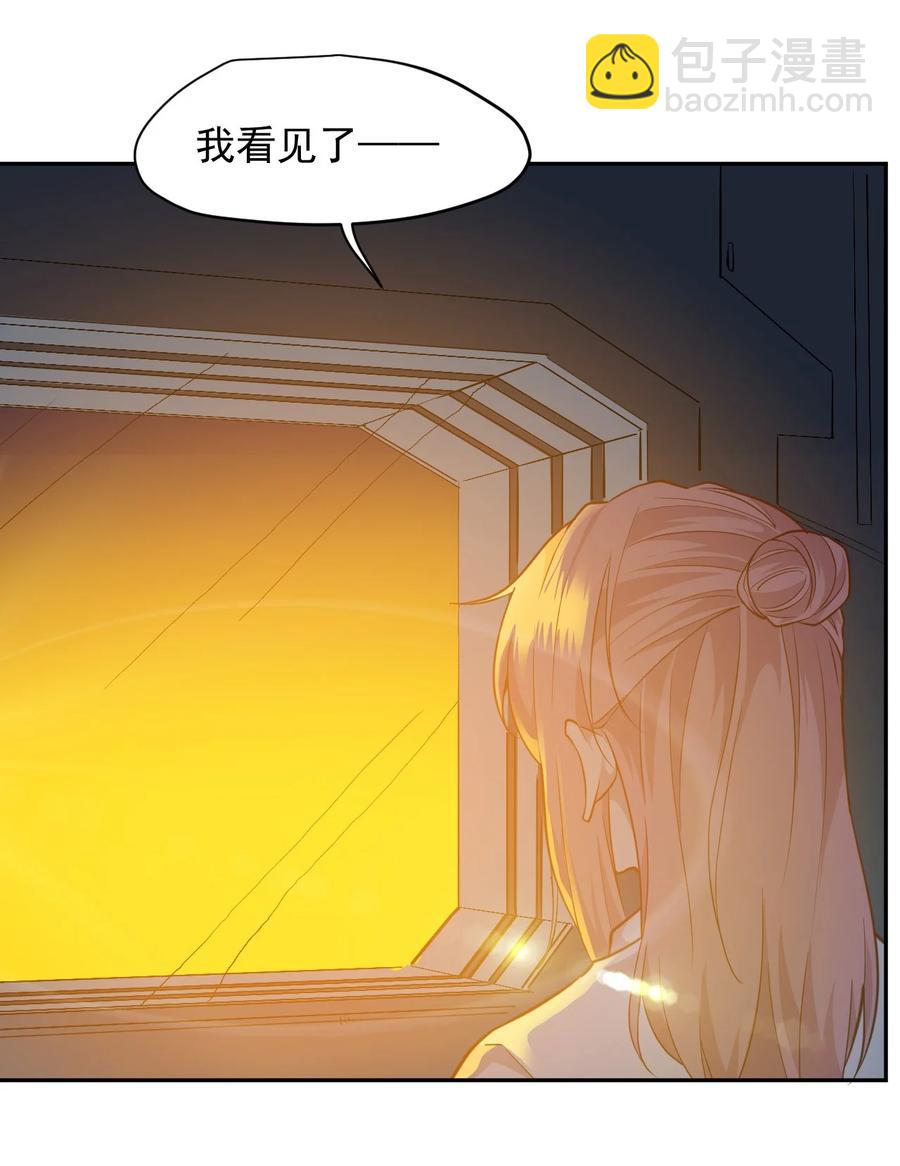 024 超负荷作战！(1/2)-第26话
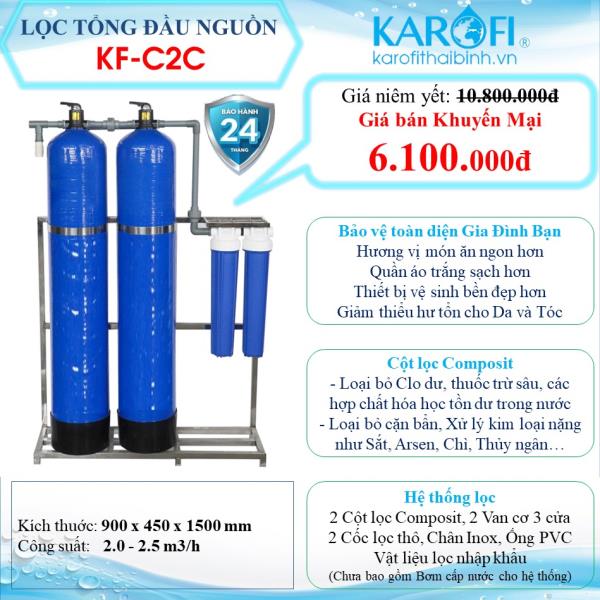 MÁY LỌC NƯỚC ĐẦU NGUỒN GIA ĐÌNH KF-C2C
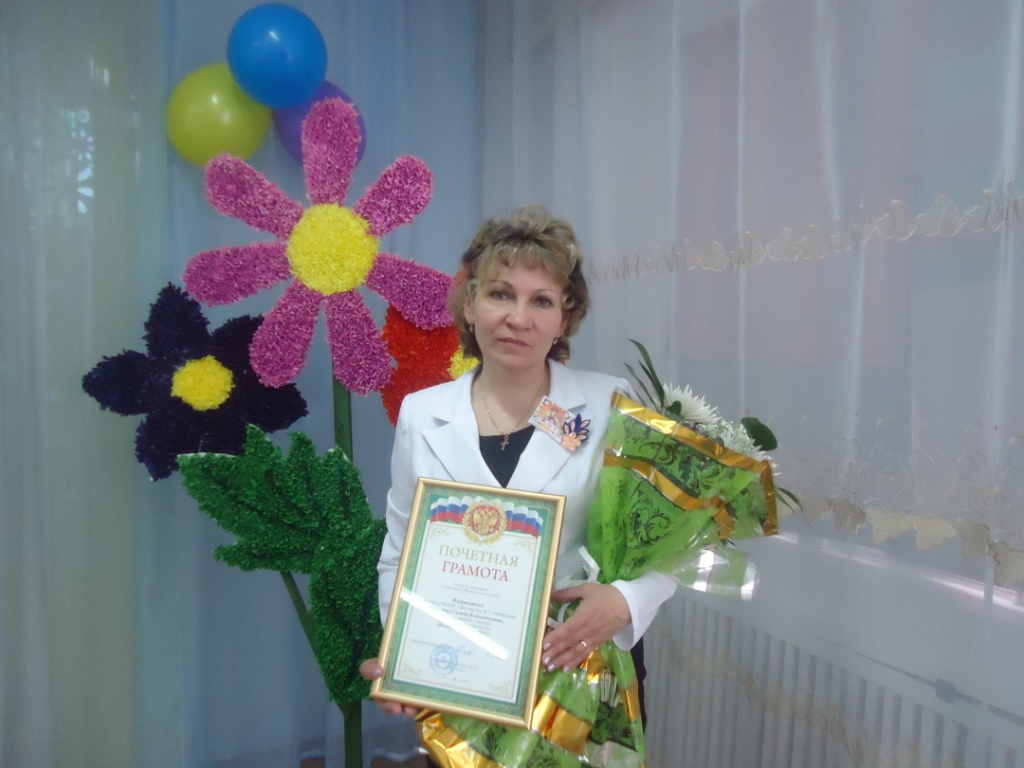 Воспитатель года 1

☆ ☆ ☆ ☆ ☆ ☆ ☆

▶ TASK TO CARRY OUT
Retype the data above verbatim, minus images.

▶ SOLUTION
 024 超负荷作战！(1/2)-第26话
 MÁY LỌC NƯỚC ĐẦU NGUỒN GIA ĐÌNH KF-C2C
 Воспитатель года 1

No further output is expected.